あどけない話

Internet technologies

Integrating Fusion and cryptonite in Haskell quic

While Haskell quic version 0.0.1 or earlier supports the x86_64 architecture only, version 0.0.2 or later will supports non-x86_64 architectures.

cryptonite

When I started implementing the quic library in Haskell, I used cryptonite as crypto engine. Since cryptonite takes the functional style where all results are generated newly without side-effects, it is safe to use it among multiple threads.

I defined the following data for payload encryption and decryption:

data Coder = Coder {
    encrypt :: PlainText  -> AssDat -> PacketNumber -> [CipherText]
  , decrypt :: CipherText -> AssDat -> PacketNumber -> Maybe PlainText
  }

Key and Nonce are partially applied at the initialization period and resulting functions are stored in Code. encrypt returns two ByteString in a list, one is a protected header and the other is an encrypted payload. PlainText, CipherText and AssDat (associative data) are ByteString essentially.
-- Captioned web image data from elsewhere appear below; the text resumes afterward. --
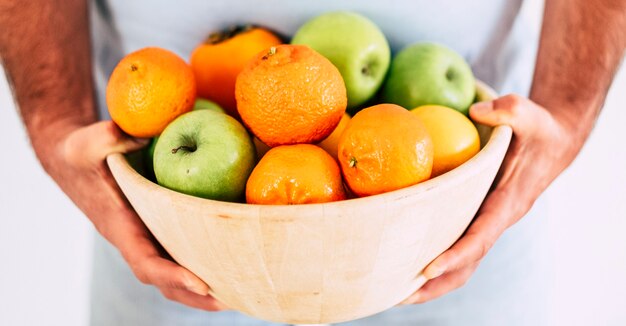 Hombre adulto sosteniendo un balde lleno de frutas de temporada frescas y de colores como orane y manzanas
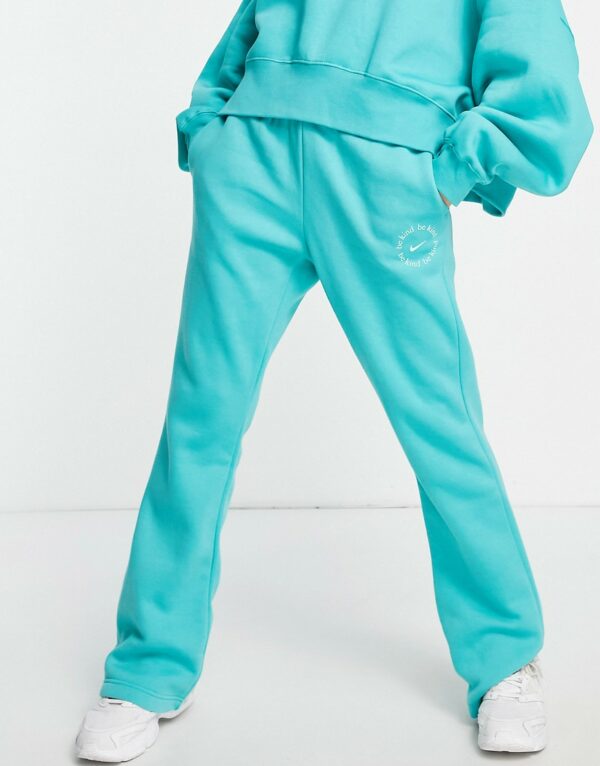 Nike Be Kind flared fleece joggers in teal-Blue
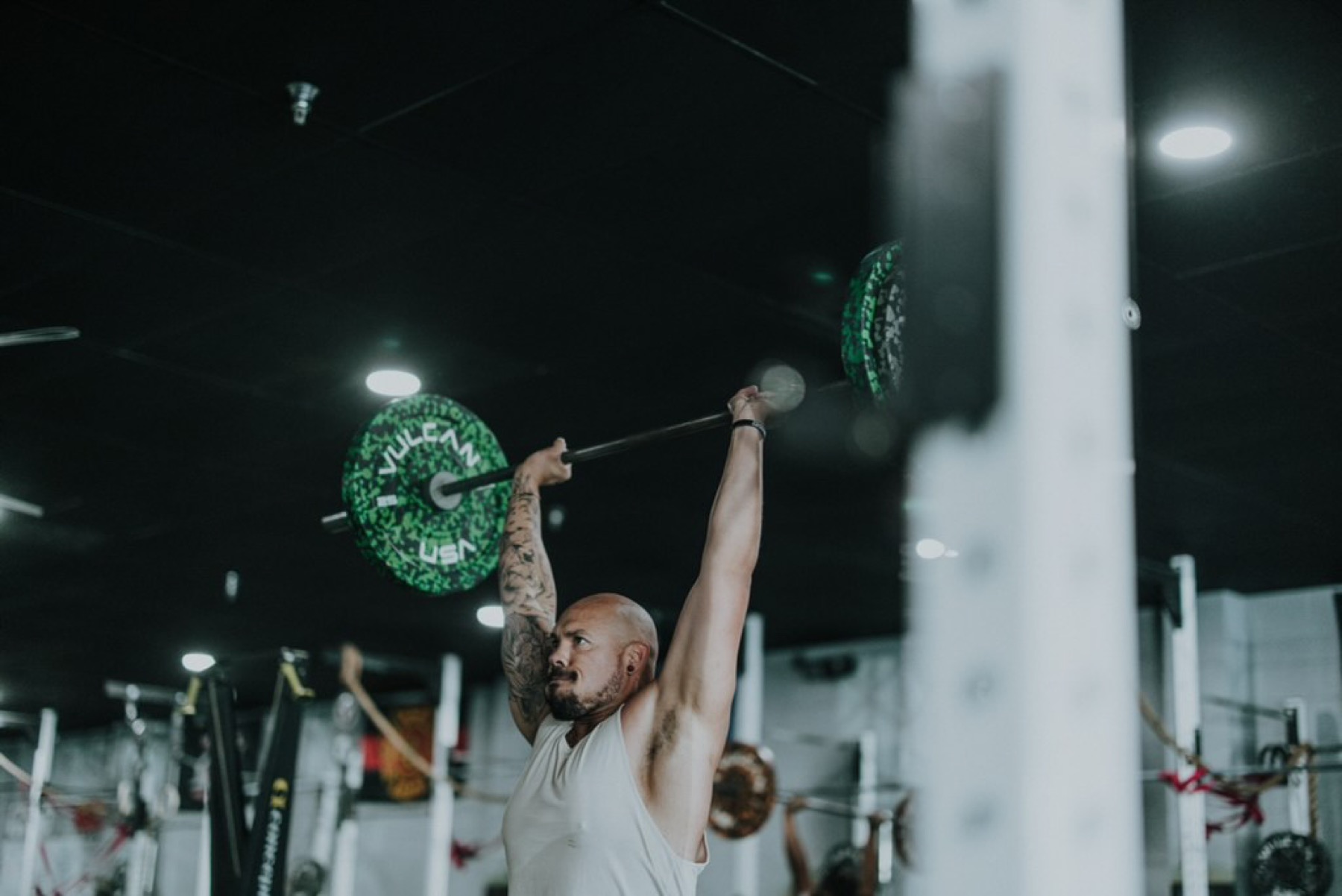 The TruFitness4Life coach completing an overhead barbell lift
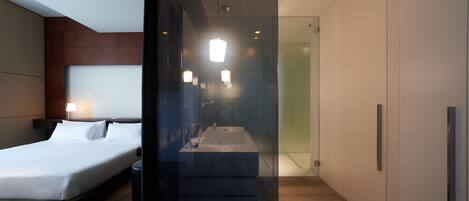 Una habitación de hotel moderna con una cama grande, un baño con paredes de vidrio y un diseño minimalista.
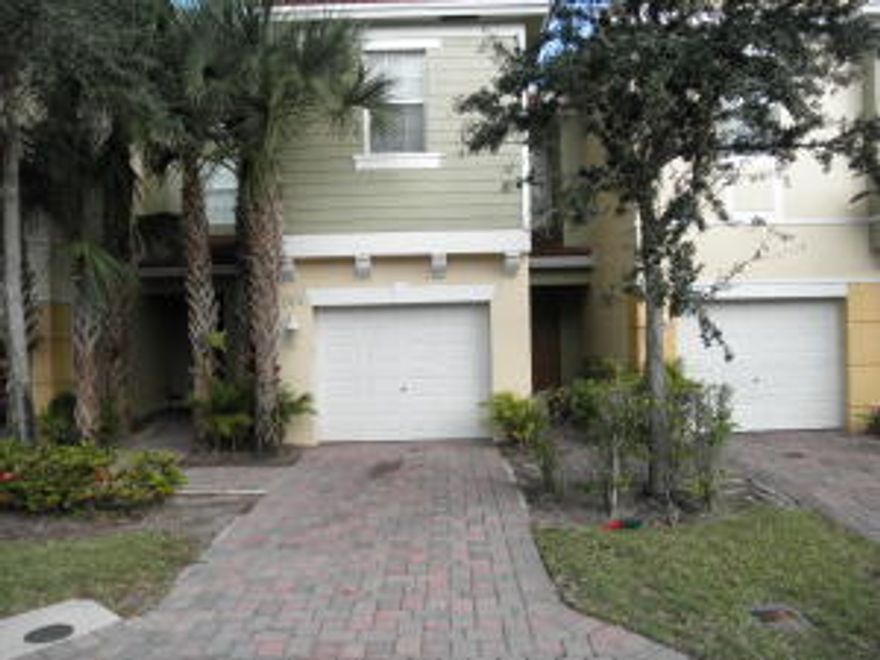 Beautiful Lakefront Townhome where you can walk to the community pool. This unit has over 1325 square feet of living space,all tile downstairs, kitchen has granite counters and upgraded cabinets, service counter into the dining room, roman tub in master bath, one car garage, and private backyard with lawn service included.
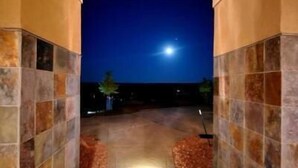 Vista nocturna de un pasillo con suelo de baldosas y paredes, que conduce a un cielo oscuro con una luna visible.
For header protection, I defined the following code:

data Protector = Protector {
    protect   :: Sample -> Mask
  , unprotect :: Sample -> Mask
  }

Sample is taken from an encrypted payload and resulting Mask is used for the xor operation on a header.

Fusion

The maximum record size of TLS is 16KiB. After 16KiB plain text is encrypted and sent from the TLS layer, the TCP layer fragments the cipher text into multiple IP packets. Since 16KiB is large enough, cost of initialization and finalization is invisible.

However, the maximum packet size of QUIC is 1,472 bytes. There was no crypto engine to encrypt and decrypt such small data efficiently. Kazuho Oku invented Fusion crypto engine to solve this problem. I decided switch from cryptonite to Fusion in March 2021. New Coder is as follows:

data Coder = Coder {
    encrypt :: Buffer -> BufferSize -> Buffer -> BufferSize -> PacketNumber -> Buffer -> IO Int
t
  , decrypt :: Buffer -> BufferSize -> Buffer -> BufferSize -> PacketNumber -> Buffer -> IO Int
t
  }

The three buffers are input, associative data and output in order. The output buffer is to be modified. The result is the output size. Fusion encryption also calculates the mask of header protection (but not for unprotection). Protector is changed as follows:

data Protector = Protector {
    setSample :: Buffer -> IO ()
  , getMask   :: IO Buffer
  , unprotect :: Sample -> Mask
  }

setSample and getMask are called before and after encrypt, respectively.

Integration

I misunderstood that Fusion uses a slow crypto engine on non-x86_64 architectures. After releasing quic version 0.0.0, I noticed this is not the case. So, I started integrating Fusion and cryptonite in this December. That is, Fusion should be used on the x86_64 architecture while cryptonite should be used on non-x86_64 architectures.

This project was tough since I needed to integrate the functional style and the imperative style. The key idea is to use cryptonite in the imperative style. The body of resulting ByteStrings are copied into a buffer. This buffer approach should be cerebrated by GSO(Generic Segmentation Offload) in the near future.

The resulting Coder and Protector are as follows:

data Coder = Coder {
    encrypt    :: Buffer -> PlainText  -> AssDat -> PacketNumber -> IO Int
  , decrypt    :: Buffer -> CipherText -> AssDat -> PacketNumber -> IO Int
  , supplement :: Maybe Supplement
  }

data Protector = Protector {
    setSample  :: Buffer -> IO ()
  , getMask    :: IO Buffer
  , unprotect :: Sample -> Mask
  }

I'm satisfied with this signature.

Bugs found

One single buffer is used for decryption in a QUIC connection. So, this buffer should be occupied by the receiver thread. However, the dispatcher thread of a server calls decrypt with this buffer in the migration procedure. Migration is rare but this is a possible race. In the current code, receiver takes care of migration to kick the race out.

In the integration process, I sometime used undefineds as initial values in tentative data structures of Coder. After initializing Coder, we cannot touch the undefineds. However, the test suite was trapped. This reveals that dropping keys (which stores the initial values again) is too early. The current code delays the key drop timing.

If the cryptonite is used, the test suite sometime gets stuck. Visualizing packet sequences illustrates that a client is waiting for Fin forever since a server does not send Fin. In the server side, the server thread and sender thread are racing. Since encrypt called by sender is slow, the server is finished before sender actually sends a packet. So, I modified that shutdownStream and closeStream wait for the completion of Fin packet sending.